Yo me complacía en la dificultad que ella encontraba para preguntarme si había hablado de nuestro amor a Carlos, y le respondí:
-Es la primera vez que no te entiendo.
-¡Avemaría! ¿cómo no has de entender? Que si le has hablado de lo que...
Y como me quedase mirándola al propio tiempo que me sonreía de su infantil afán, prosiguió:
-Bueno; ya no me digas; y se puso a hacer torrecillas con las fichas del tablero en que jugábamos.
-Si no me miras -le dije- no te confieso lo que le he dicho a Carlos.
-Ya, pues... a ver, di -respondióme tratando de hacer lo que yo le exigía.
-Se lo he contado todo.
-¡Ay! no; ¿todo?
-¿Hice mal?
-Si así debía ser... Pero entonces ¿por qué no se lo contaste antes de que viniera?
-Mi padre se opuso a ello.
-Sí, pero él no habría venido; ¿y no hubiera sido mejor?
-Sin duda, pero yo no debía hacerlo, y hoy él está satisfecho de mí.
-¿Seguirá, pues, siendo tu amigo?
-No hay motivo para que deje de serlo.
-Sí, porque yo no quiero que por esto...
-Carlos te agradecerá tanto como yo ese deseo.
-¿Conque te separaste de él como de costumbre? ¿y él se ha ido contento?
-Tan contento como era posible conseguirlo.
-Pero yo no tengo la culpa, ¿no?
-No, María, ni él te estima menos que antes por lo que has hecho.
-Si te quiere de veras, así debe ser. ¿Y sabes por qué ha pasado todo así con ese señor?
-¿Por qué?
-¡Pero cuidado con reírte!
-No me reiré.
-Pero si ya estás riéndote.
-No es de lo que vas a decirme sino de lo que ya has dicho; di, María.

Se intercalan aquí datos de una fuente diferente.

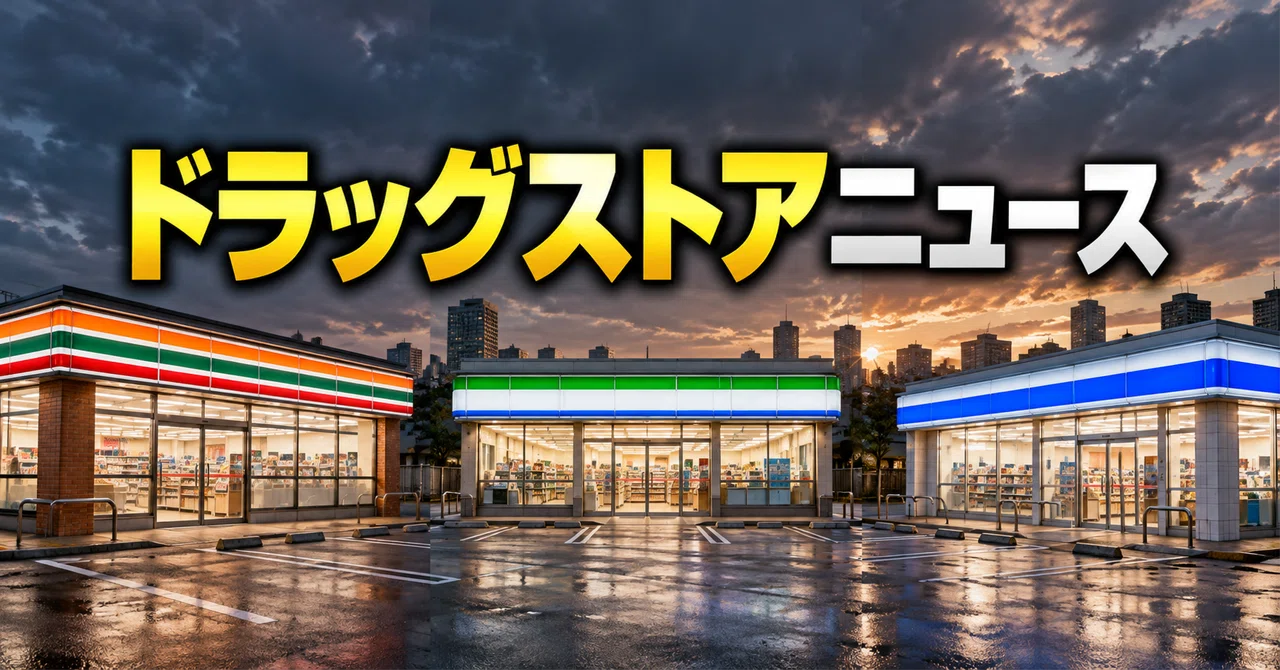 【Alert on Declining Convenience Store Customer Numbers】Considering ...
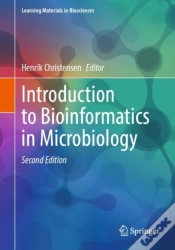 Capa do artigo Introduction To Bioinformatics In Microbiology
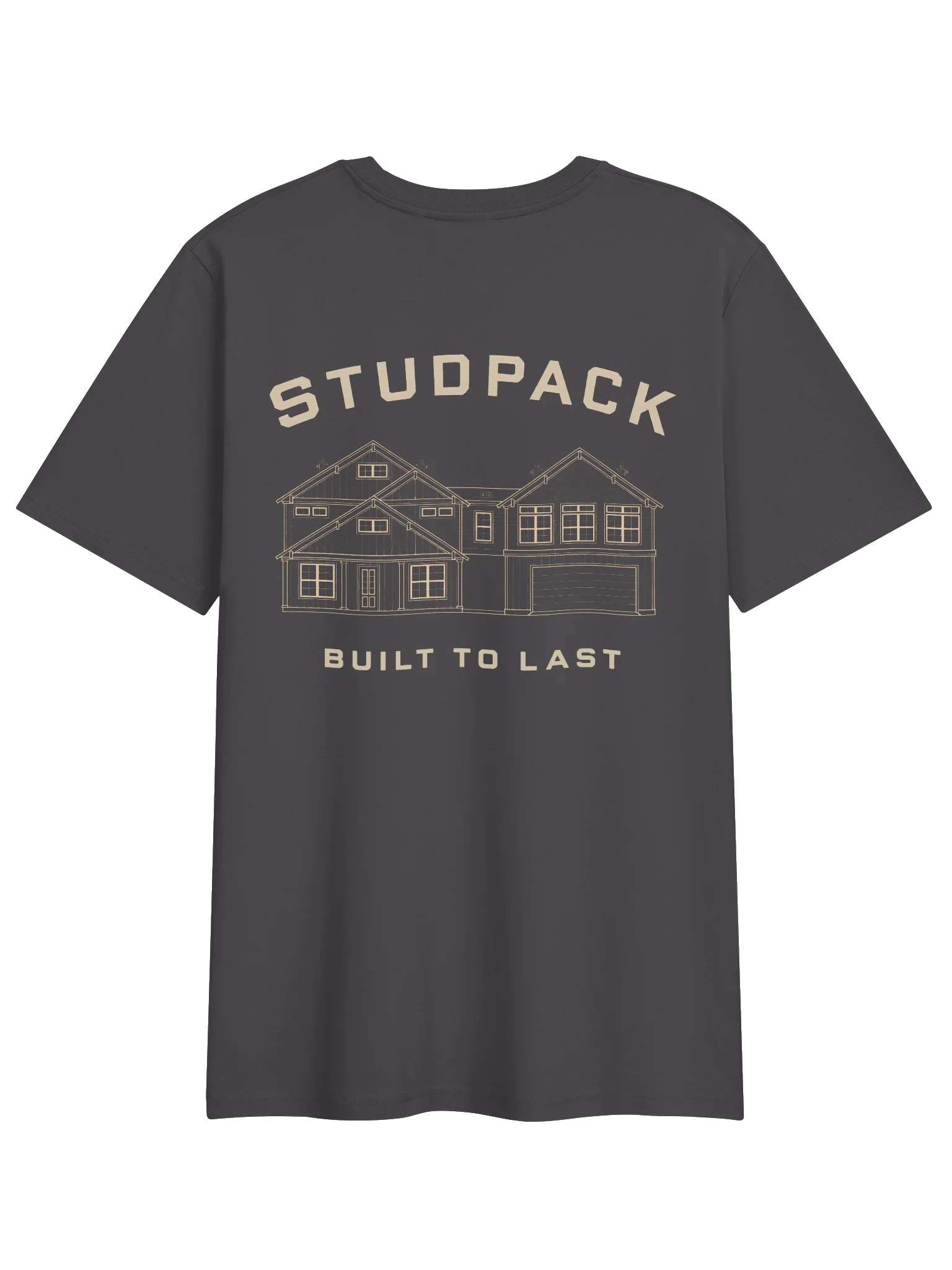 Stud Pack Dream House Tee product image (2)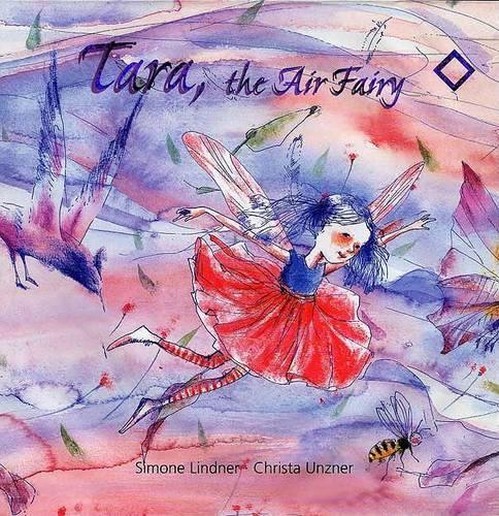 Tara, the Air Fairy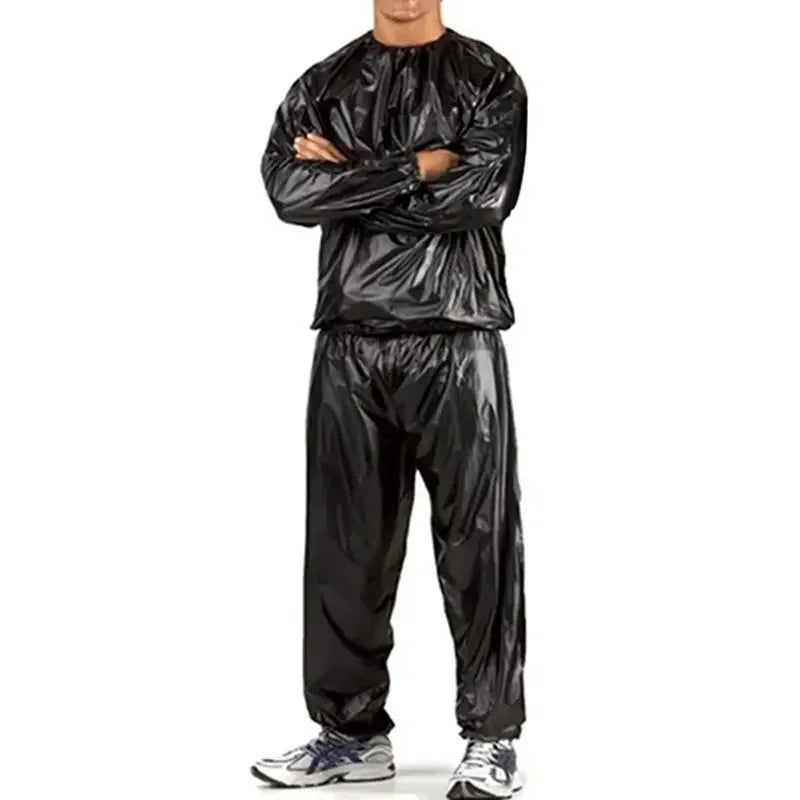 PVC Sauna Suit for Men &amp; Women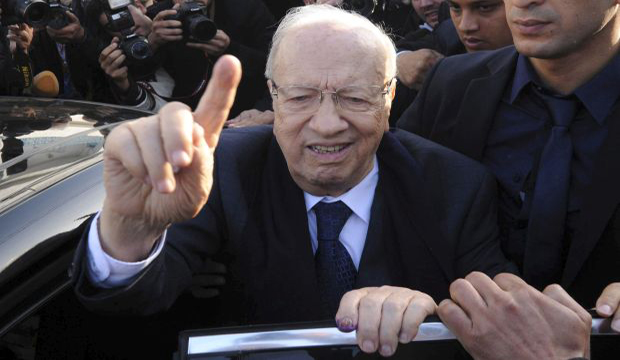 Veteran El-Sebsi wins Tunisia’s presidential vote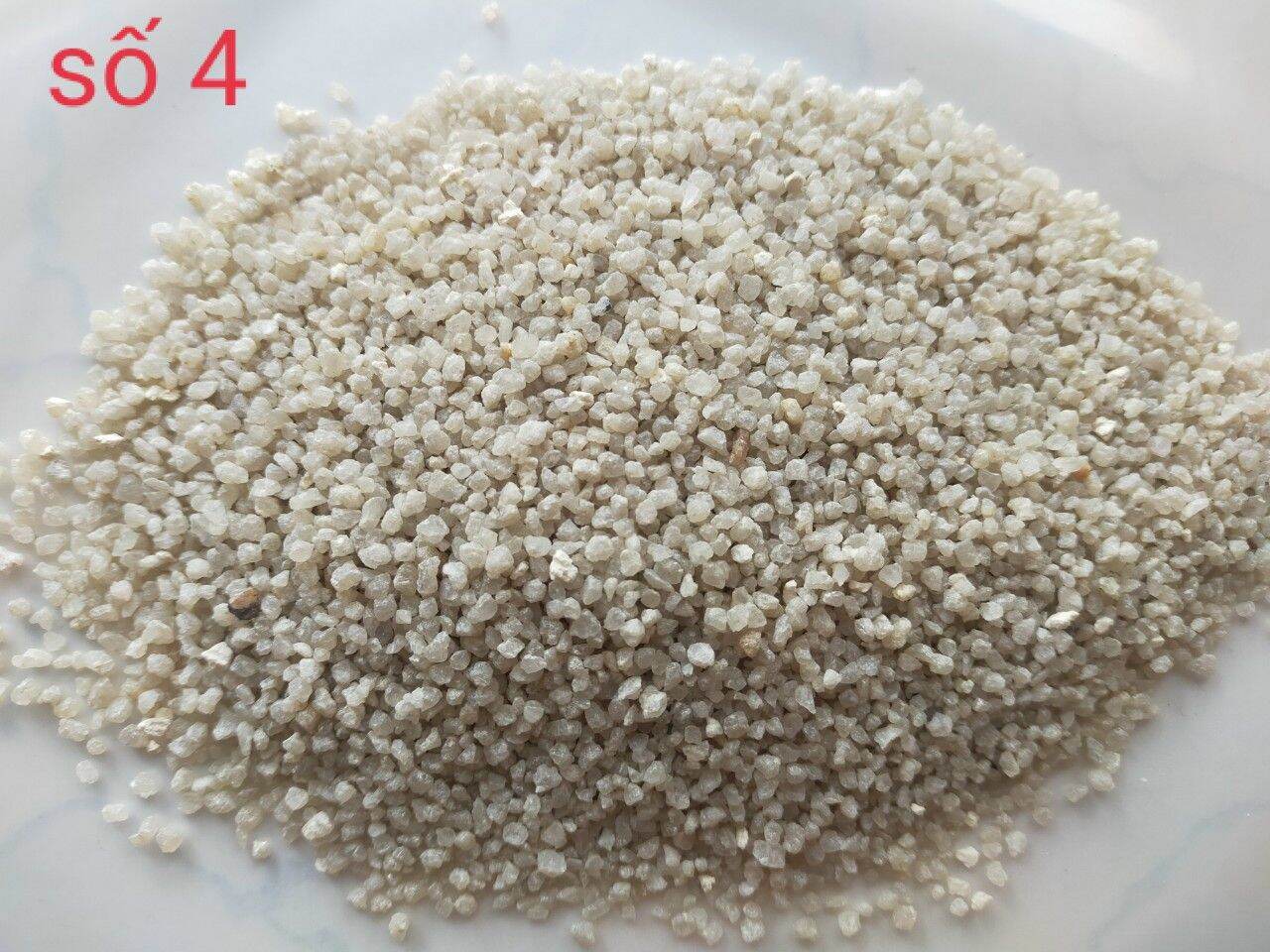 CÁT CHUYÊN DỤNG LÀM KHUÔN ĐÚC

-Ha sido porque yo le he rezado mucho a la Virgen para que hiciera suceder todo así, desde ayer que mamá me habló.
-¿Y si la Virgen no te hubiera concedido lo que le pedías?
-Eso era imposible: siempre me concede lo que le pido, y como esta vez yo le rogaba tanto, estaba segura de que me oiría. Mamá se va -agregó- y Emma se está durmiendo. Ya, ¿no?
-¿Quieres irte?
-¿Y qué voy a hacer?... ¿Mucho escribirán mañana también?
-Parece que sí.
-¿Y cuando Tránsito venga?
-¿A qué horas viene?
-Mandó decir que a las doce.
-A esa hora habremos concluido. Hasta mañana.
Respondió a mi despedida con las mismas palabras, pero admirándose de que me quedase con el pañuelo que ella tenía en la mano que me dio a estrechar. María no comprendía que ese pañuelo perfumado era un tesoro para una de mis noches. Después se negó casi siempre a concederme tal bien, hasta que vinieron los días en que se mezclaron tantas veces nuestras lágrimas.